• _Provided records_
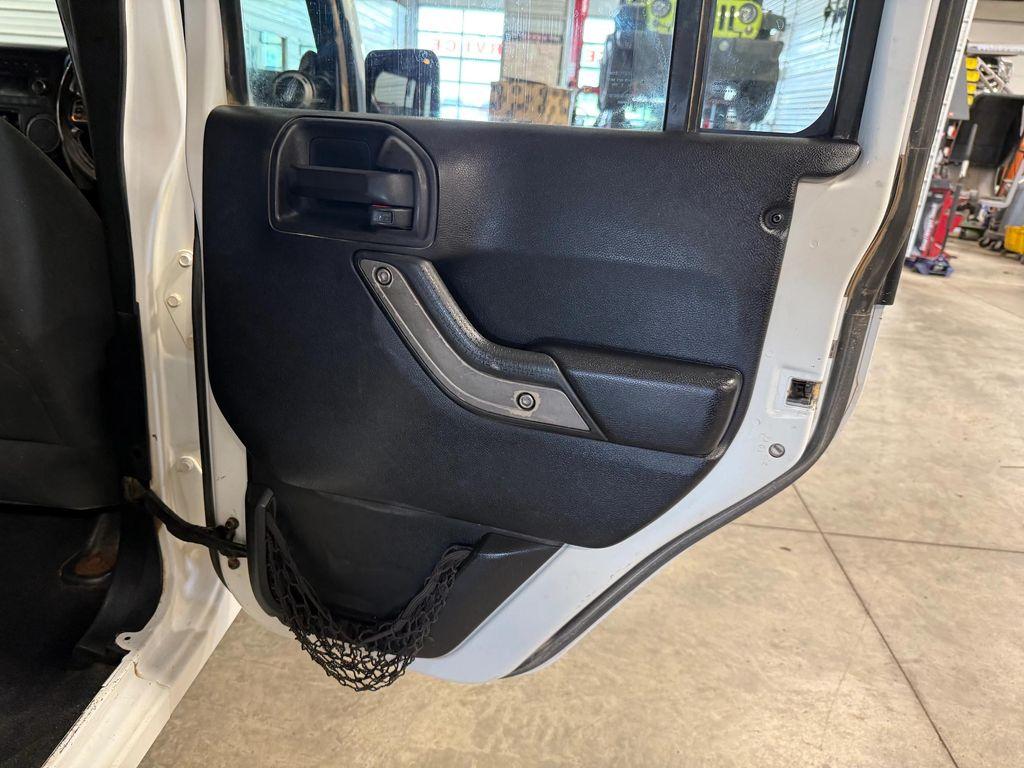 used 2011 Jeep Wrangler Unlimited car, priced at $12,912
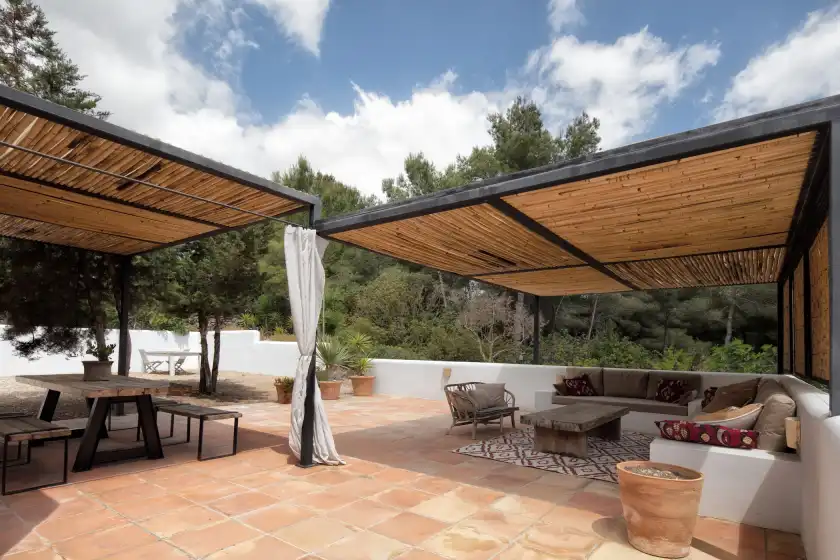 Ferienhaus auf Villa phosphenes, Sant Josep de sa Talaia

==

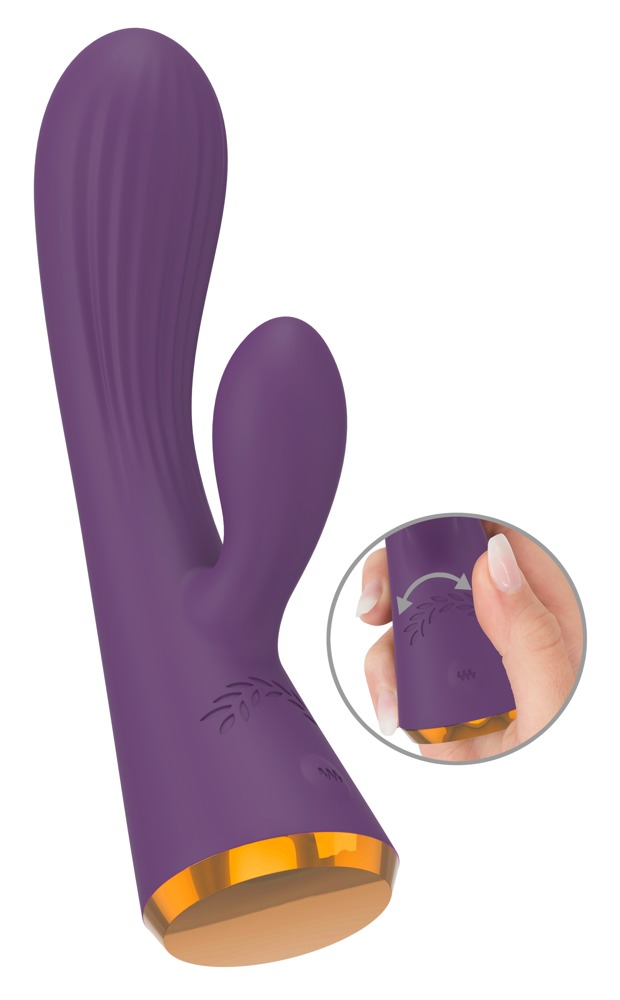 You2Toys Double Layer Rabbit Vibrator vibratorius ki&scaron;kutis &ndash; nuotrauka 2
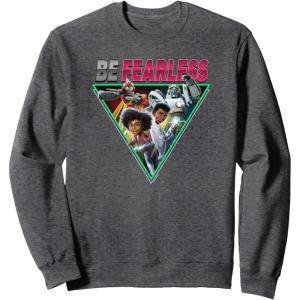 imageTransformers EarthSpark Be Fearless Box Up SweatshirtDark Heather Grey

• _Exercise description_
In the entries above, find the line containing "You2Toys Double Layer" and the line containing "imageTransformers EarthSpark Be"; give again exactly those two lines and every line between them, minus the pictures.

• _Problem solution_
 You2Toys Double Layer Rabbit Vibrator vibratorius ki&scaron;kutis &ndash; nuotrauka 2
 imageTransformers EarthSpark Be Fearless Box Up SweatshirtDark Heather Grey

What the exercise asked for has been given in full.